Shrill: Notes from a Loud Woman by Lindy West
West is laugh-out-loud funny, and uses that humor to tackle some pretty tough topics in her memoir: abortion, women’s rights, body shaming, internet bullying, to name just a few. She is both insightful and real. This was a quick read, also from Book of the Month, and I really enjoyed it, even the parts that made me uncomfortable.

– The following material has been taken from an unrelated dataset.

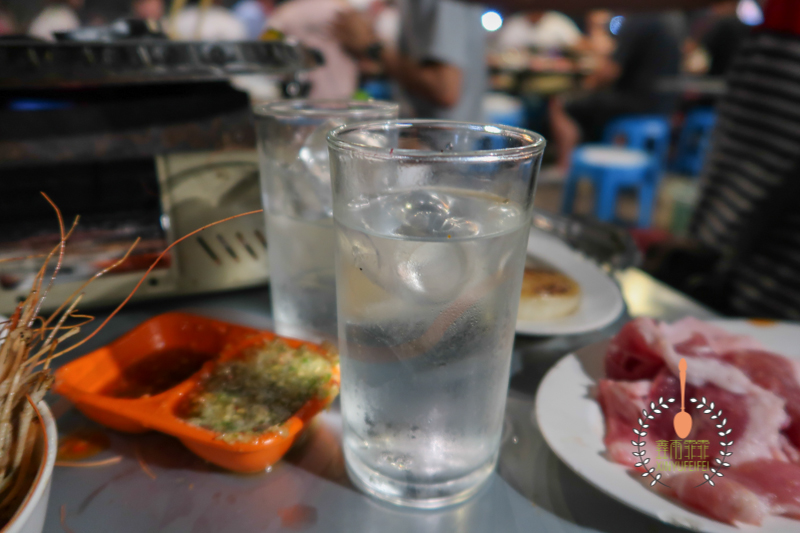 泰国清迈吃自助，别光看招牌，一定要找店主问清楚，要不钱包受损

The Storied Life of A.J. Fikry by Gabrielle Zevin
Even though I was sure I would love this one, I took forever to pick it up. Finally found it at Goodwill for $1.99 and decided that meant it was time for me to read it! I’m so glad I did. Fans of Ove and The One-In-A-Million Boy will enjoy this one, as will anyone who has ever wished that they lived in a bookstore… which, isn’t that every reader? 🙂
What She Knew by Gilly Macmillan
Snagged this one on a Kindle daily deal on the recommendation of Anne Bogel. A boy and his mom go out for a walk in the woods. She lets him run ahead on the path and he disappears. This thriller may have been a little too much for me when I was 39 weeks pregnant with another boy. I had read too many books in a row about missing boys, boys who had something terrible to them, boys who had died… it was very stressful! That’s not to say that this one isn’t another great one. Just, if you’re already sensitive to that sort of thing, maybe wait a bit.

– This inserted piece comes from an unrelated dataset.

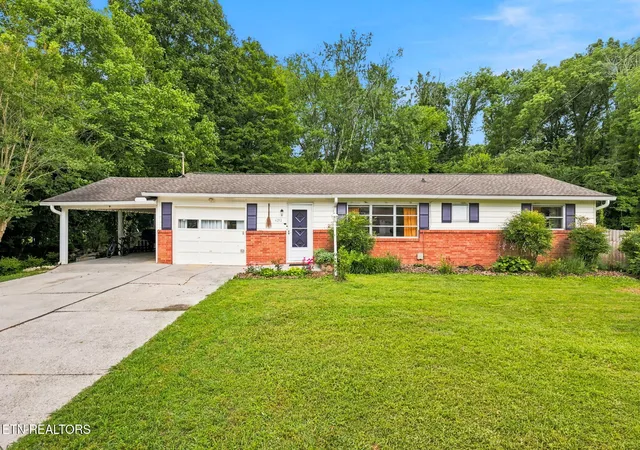 Photo 1 of Single family home for sale at 4212 Felty Dr, Knoxville, TN 37918 | MLS# 1345564 | Listing updated on 2026-09-02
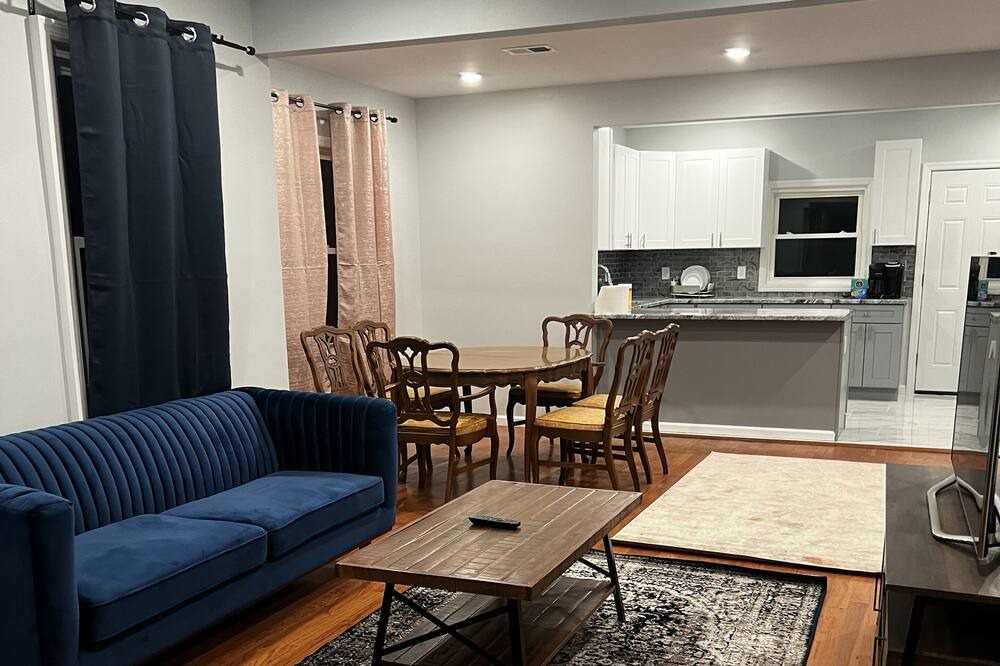 Photo of Livingroom in Cranford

Ready Player One by Ernest Cline
This is one of those books that I NEVER would have chosen for myself if so many people I trust hadn’t recommended it! But, if you are a child of the 80’s or love 80’s culture, you cannot pass this one up! It’s a dystopian novel set in the later 21st century, when almost everyone lives “virtually” in the Oasis, mostly to escape the real world, which has been ravaged by an energy crisis and widespread poverty. The founder of the Oasis dies, and leaves his substantial fortune buried inside the game for anyone to find. To do so, the gamers need to understand his one true love: 80’s culture. References to your favorite movies, songs, and video games abound. Not just for nerds (although they will definitely love it!)!
To Capture What We Cannot Keep by Beatrice Colin
NetGalley provided me with a free copy of this book in exchange for an honest review. This historical novel is set against the backdrop of the construction of the Eiffel Tower in France. It is packed full of artists you’ll recognize from that time. The main characters, Caitroina and Emile, meet in a hot air balloon and are drawn to each other, but their lives (socially and obligation-wise) won’t allow them to pursue that attraction. I found this novel beautiful in setting, but a bit tiring in plot. I’d enjoy spending more time in historic Paris, but not with these people.
Brown Girl Dreaming by Jacqueline Woodson
This one has been HIGHLY critically acclaimed, and for good reason. I was encouraged to listen to it on audiobook (read by the author), and I will definitely endorse the same. Woodson’s poetry about growing up in the South and in NYC during the racial turmoil of the 60’s is beautifully written, and oh-so-applicable here and now as we continue to struggle through some of these same issues as a nation. Please, do yourself a favor and pick up a copy of the book or audiobook. It will not take much of your time, and you will be better for it.